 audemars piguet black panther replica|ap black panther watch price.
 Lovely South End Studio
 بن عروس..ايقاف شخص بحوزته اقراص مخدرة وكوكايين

▸ WORK TO COMPLETE: Would you output the full listing exactly as it stands?

▸ TASK OUTPUT:
 audemars piguet black panther replica|ap black panther watch price.
 Lovely South End Studio
 بن عروس..ايقاف شخص بحوزته اقراص مخدرة وكوكايين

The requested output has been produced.